4. All the articles of use and commerce—if we except those taken from water—are drawn in the marvelous laboratory of nature from or under the soil, or from the soil and air combined. Every tree, every crop of corn or roots, every fleece, contains in itself positively and actually so much of the soil where it was raised. Where, then, is the logic of declaring that certain particles—and these the very best—when taken from the soil may be private property, while the other particles—which are generally of lesser value—left lying in the field are, by some abstract right, the property of an unknown and unstated portion of the people—called a majority who have never yet set eyes upon their property, and could not distinguish it if they did? My coat is now my private property; but years ago, before the grass grew which fed the sheep, the larger part was public property. What a marvelous transformation, and what inextricable confusion both of theory and of fact! How a thing which, as a matter of abstract right, once belonged to everybody, can rightly become my private property, I am utterly unable to understand.
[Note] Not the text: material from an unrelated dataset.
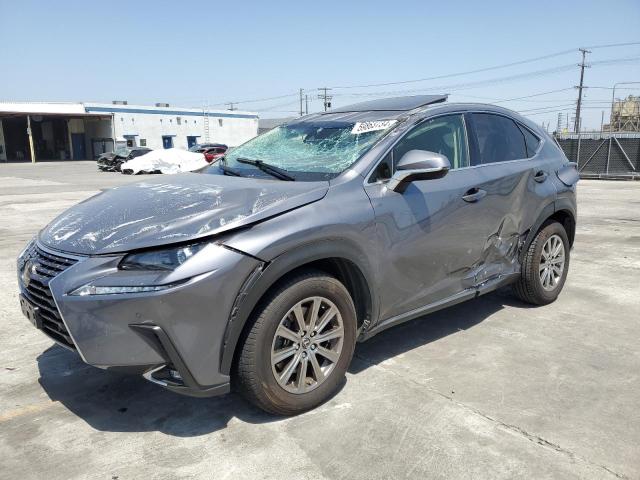 LEXUS NX 2019 jtjyarbz8k2152001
Perhaps Mr. George or Mr. Laidler could help me.

Then for the expediency. Is the race to deprive itself, for the sake of a theory that can not hold what is put into it better than a sieve can hold water, of the immense happiness and comfort that may come to thousands and thousands of families from the permanency of possession? If the land belongs to the majority, can there be this permanency? How can you let A and A's family retain forever the possession of the holding which he has industriously acquired, when B and C are waiting for their turn of what, without any industry or acquisitive virtue on their part, is declared to belong to them? That A is better fitted—naturally selected—to fill the holding, to use it happily and profitably for himself and for society, must count as nothing in face of the fact that B and C have taken the trouble to be born the owners of it. Then, too, comes in all the trouble and confusion about improvements, where property is split into this double ownership between the abstract state and the concrete holder. Improvements, we are told, can only realize their full value if there be a free sale and fixed rents. Do any persons in their sober senses imagine that the hungry, greedy, necessitous state of the politician will ever place itself on the same footing as it has placed the Irish landlord, upon whom the other day it so freely practiced its cheap philanthropy; that it will ever consent to fix its rents in perpetuity, or to abide by them if they were fixed? Then comes all the unutterable official management, the inspectorate, the armies of surveyors and clerks, the arrogant petty kinglets, the red tape, the annoying conditions, the unending correspondence on the subject of the new pump or the new road, the constant battle in Parliament as to new methods of land-tenure, new methods to allow A to replace B in quicker succession, new forms of land-taxation, universal upsetting of existing system, and universal establishment of the last land fancy of the half-baked theorist. Conceive for one moment the slough of despond into which you would plunge back a vigorous, self-helping nation that had once, however hesitatingly and half-heartedly, taken the first few steps along the road of individual initiative, experiment, and progress.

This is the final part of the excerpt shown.